Recipes Inspired by Our Favorite Books
Recipes Inspired by Our Favorite Books
A Little Princess by Frances Hodgson Burnett
“How they removed the covers of the dishes, and found rich, hot, tasty soup, and sandwiches and muffins enough for both of them. The tea was so delicious that it was not necessary to pretend that it was anything but tea.”
Recipe: Bakeshop Blueberry Muffins
In A Little Princess, Sara Crewe and her friend Becky awake to a feast, a mysterious banquet of delicious foods and treats, that appears in their quarters at Miss Minchin’s boarding school—a moment of joy during a period of strife for the two young girls.

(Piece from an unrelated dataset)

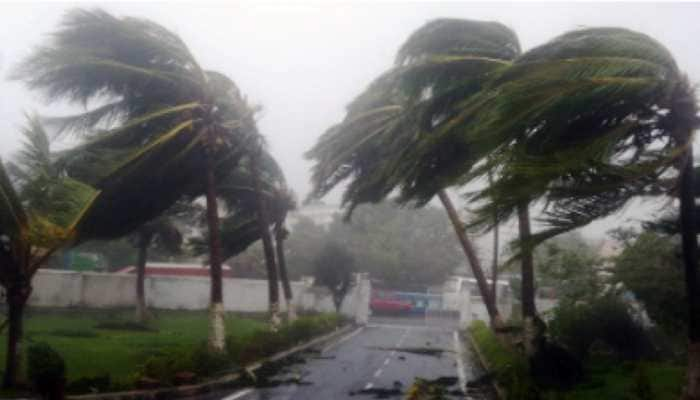 Cyclonic storm &#039;Hikka&#039; to reach Oman coast by September 25, says IMD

A Moveable Feast by Ernest Hemingway
“We had eaten very good cold chicken at noon but this was still famous chicken country so we had poularde de Bresse and a bottle of Montagny, a light, pleasant white wine of the neighborhood.”
Recipe: Whole Roasted Chicken
The entire book is a celebration of the art of eating, and nearly every page is rife with dinner ideas. One memorable trip in Hemingway’s A Moveable Feast includes meals of roast chicken, a dish that demands mastery.
Alice’s Adventures in Wonderland by Lewis Carroll
“In the next moment, her eyes fell on the White Rabbit that was serving the court as a herald and was reading the accusation that the Knave of Hearts had stolen the Queen’s tarts. In the middle of the court, a large platter of tarts was on display.”
Recipe: Mini Strawberry Tarts
Alice’s Wonderland adventures contain more than a few references to tea and tea parties—the Mad Hatter's comes to mind—and a perfect complement to a cup of tea is a fruit tart, like the ones the Knave of Hearts is accused of stealing from the queen of the same suit.
Charlotte’s Web by E.B. White
“The children ran for the kitchen. ‘Just in time for a piece of blueberry pie,’ said Mrs. Zuckerman.”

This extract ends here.